U.S. services sector activity expanded at a brisk pace in May and industries hired more workers, offering some respite for an economy that is slowing following a temporary boost from exports and an accumulation of inventories in the first quarter.
The survey from the Institute for Supply Management (ISM) on Wednesday followed a raft of weak reports on consumer spending, housing and manufacturing that suggested a sharp loss of momentum in economic growth early in the second quarter.
Slowing growth, worsening trade tensions between the United States and China, and looming U.S. tariffs on goods imported from Mexico have led some economists to expect the Federal Reserve to cut interest rates this year.
The U.S. central bank early this year suspended its three-year monetary policy tightening campaign. Fed Chairman Jerome Powell on Tuesday said the central bank was closely monitoring the implications of the trade tensions on the economy and would “act as appropriate to sustain the expansion.”
“Though this won’t completely dismiss the rate-cut-this-year speculation, the much better-than-expected nonmanufacturing ISM print helps,” said Jennifer Lee, a senior economist at BMO Capital Markets in Toronto.
The ISM said its non-manufacturing activity index rose 1.4 points to a reading of 56.9 in May. A reading above 50 indicates expansion in the sector, which accounts for more than two-thirds of U.S. economic activity. Economists polled by Reuters had forecast the index would be unchanged at 55.5 last month.
The May increase in services industry activity reflected a jump of 1.7 points in the production subindex. Activity was also boosted by gains in the new orders measure.
A gauge of services industry employment surged 4.4 points to a seven-month high. The ISM said while businesses in the services sector were mostly optimistic about overall business conditions, “concerns remain about tariffs and employment resources.”

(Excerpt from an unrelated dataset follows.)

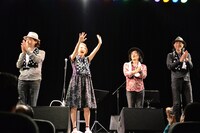 観客の声援に答える加藤いづみと演奏メンバー。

President Donald Trump in early May slapped additional tariffs of up to 25% on $200 billion of Chinese goods, which prompted retaliation by Beijing. Trump announced last week that he would impose a tariff on all goods from Mexico in a bid to stem the tide of illegal immigration across the U.S.-Mexican border. The tariff would start at 5% on June 10.
The ISM said 16 industries, including utilities, real estate, finance and insurance, health care and social assistance, information, and professional, scientific and technical services reported growth last month. The only industry reporting contraction was agriculture, forestry, fishing and hunting.
Businesses in the utilities industry said they were “waiting to see the impact of Chinese import tariff,” while their counterparts in the mining sector said because of the trade war, “it has been very difficult to plan in a long term ahead.”
Stocks on Wall Street were trading higher. The dollar firmed against a basket of currencies. U.S. Treasury prices rose.
The trade tensions and fading stimulus from the White House’s tax cuts and spending increases are slamming the brakes on the economy. The Atlanta Fed is forecasting gross domestic product to rise at a 1.3% annualized rate in the second quarter.
The economy grew at a 3.1% pace in the first quarter, lifted by increases in exports, inventories and defence spending. Goods exports fell sharply in April and the inventory overhang, which is mostly concentrated in the auto sector, is weighing on production at factories.
A separate report from the Fed on Wednesday showed tariffs continued to cause anxiety among businesses. In its Beige Book report of anecdotal information on business activity collected from contacts nationwide, the central bank described economic activity as expanding at a “modest” pace from April through mid-May. It said the outlook for the months ahead was “solidly positive but modest.”
Last month’s jump in hiring by services sector businesses suggested that a sharp slowdown in private payrolls growth in May shown in another report on Wednesday was probably a fluke.
The ADP National Employment Report showed private employers added only 27,000 jobs in May, the fewest since March 2010, after creating 271,000 positions in April.
The ADP figures came ahead of the Labor Department’s more comprehensive nonfarm payrolls report on Friday, which includes both public- and private-sector employment. The ADP report, which is jointly developed with Moody’s Analytics, has a poor record predicting the private payrolls component of the government’s employment report.
Economists polled by Reuters are forecasting nonfarm payrolls to have increased 185,000 in May. The unemployment rate is seen unchanged at 3.6 per cent.
“Our hunch is that the drop-off in ADP’s estimate of private payrolls growth is likely a blip,” said Roiana Reid, an economist at Berenberg Capital Markets in New York. “If the May employment report also exhibits similar weakness, that would provide a more forceful indication that companies are scaling back hiring because of concerns about the economic outlook.”
According to the ADP report, employment in the goods-producing sector fell by 43,000 jobs in May, the first drop in nearly 2-1/2 years. Manufacturing payrolls decreased 3,000 and construction shed 36,000 positions, the most since 2010.
The services sector added 71,000 jobs last month, concentrated in professional and education and health services.